A lot of it is what learned as a child from our parents. At very early ages we knew what made our parents either happy or angry. And as a form of survival we learned what and how we needed to be to make them happy so they would take care of us. We did this purely for survival. As we got older, We began to observe from our classmates what we needed to do to be liked by our peers. This stuck with us throughout our teen years and into adulthood. We each create what is a called a persona. A version of our programmed selves that we think other people will like in order to be accepted.
But - is this persona who we truly are at our core? When we begin to delve into shadow work, our whole sense of self gets rocked. We have been led to believe that any type of negative feeling is “bad” and being happy is “good”. The thing is, these bad feelings or traits developed do have a purpose. Shit, we were even born with some. Have you ever seen a baby get angry?
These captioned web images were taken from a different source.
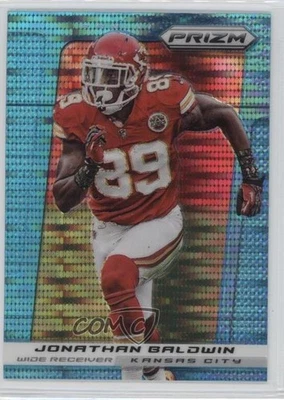 2013 Panini Prizm Light Blue Pulsar Prizm Jonathan Baldwin #87 - Image 1 of 2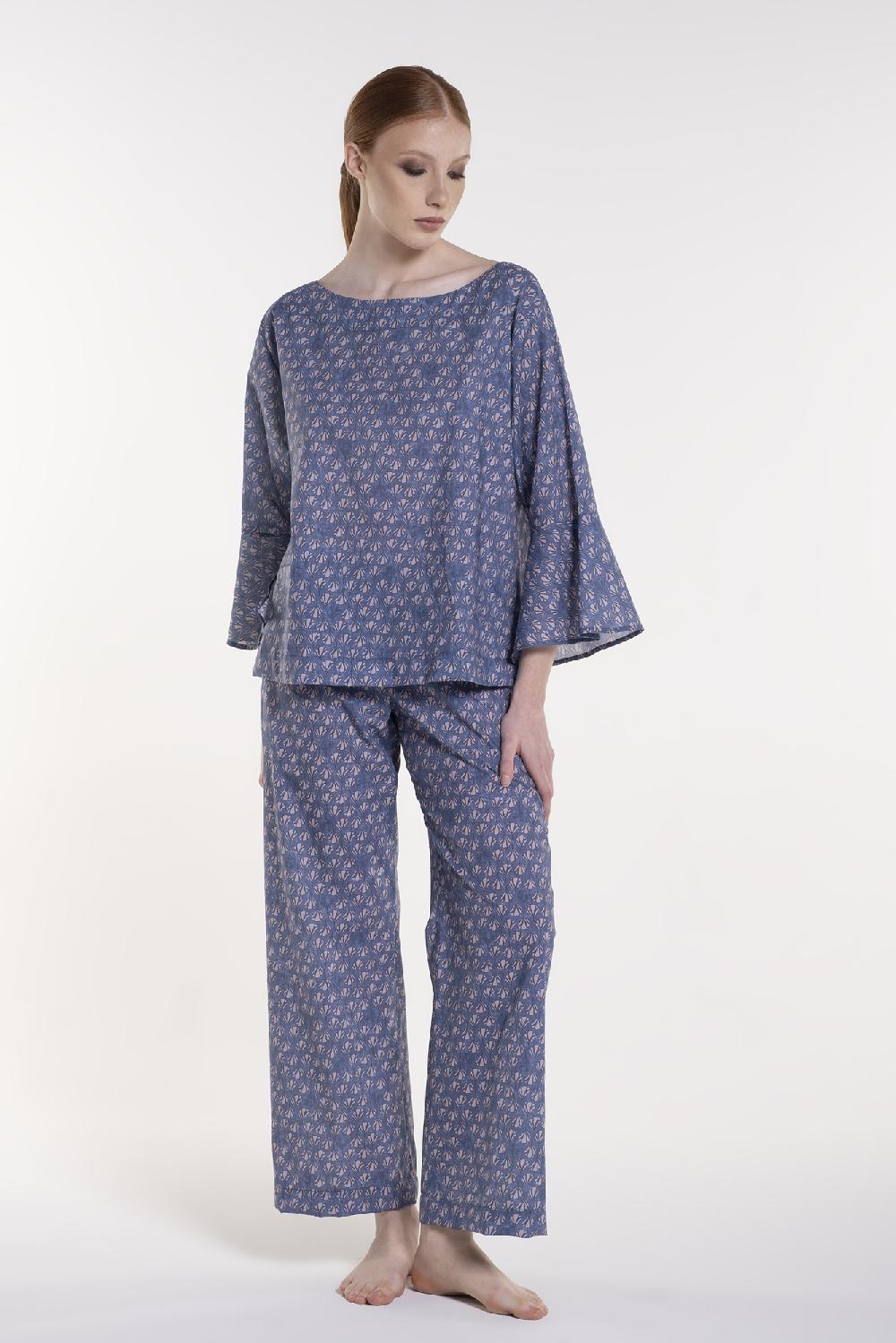 Verdiani Pigiama Mussola Cotone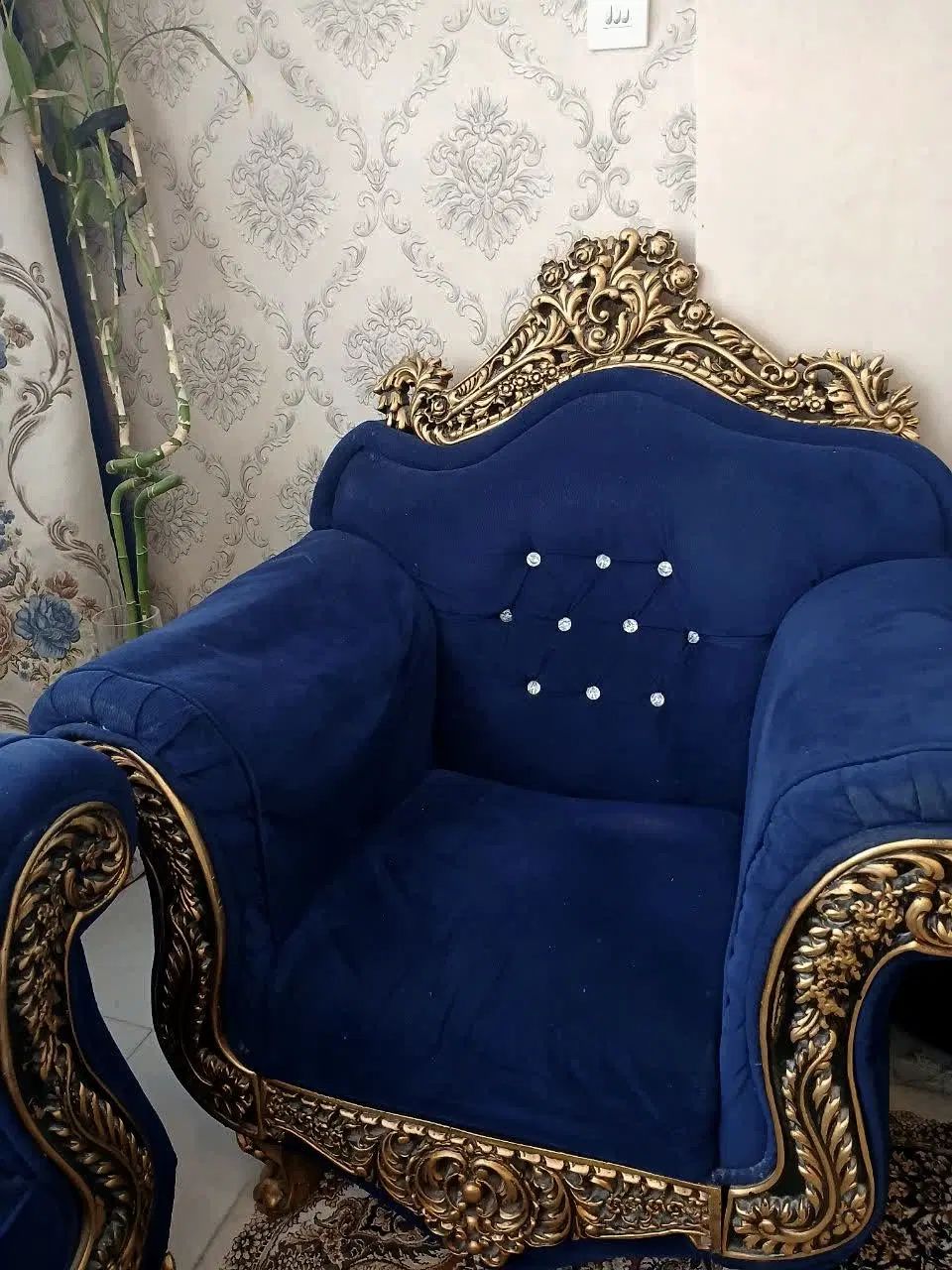 مبلمان ۸ نفره با میز جلو مبلی و شزلون|مبلمان خانگی و میز عسلی|مشهد, ارشاد|دیوار
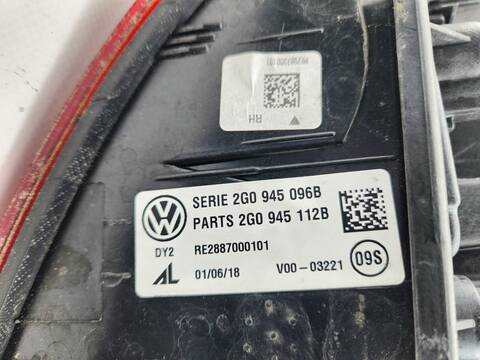 Foto 2ª: Piloto Trasero Derecho Volkswagen Polo SPORT 116CV 85KW [CHZJ] (2018)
I bet you have. Anger isn’t bad, it is inherent, and in certain instances, is not a “bad” thing. These feelings help us to rise up in times of adversity and reclaim our power.
Throughout life we may find ourselves triggered time and time again. It could be something someone says, it could be a sound, even a smell. But whatever the trigger is, it’ll set you off. Be it sadness, hopelessly, rage... the trigger will leave you feeling some kind of way. And one thing it’s not is feeling like you are in control. When you are susceptible triggers, anyone or anything can set you off at anytime. And a lot of the times we just go with it until it passes, be it 5 minutes or maybe we end up stewing over it for the entire day or even week. Yes, life is challenging and we are ultimately here to clear karma and learn but that doesn't mean we have to suffer through it.
In shadow work we become like detectives unto ourselves. We started to dig and peel back layers. Those triggers? They are a pathway to healing and ultimately freedom. We begin to feel our hidden feelings, befriend and ultimately integrate them.
Shadow work is not for the faint of heart. It highlights feelings we have bottled up for in some cases our entire lives. Shadow work will turn your life upside down and then very calmly put it all back together. There’s a certain degree of inner work that needs to be done before the practice of shadow work can begin. It is not necessarily for someone that is feeling emotionally raw and unbalanced.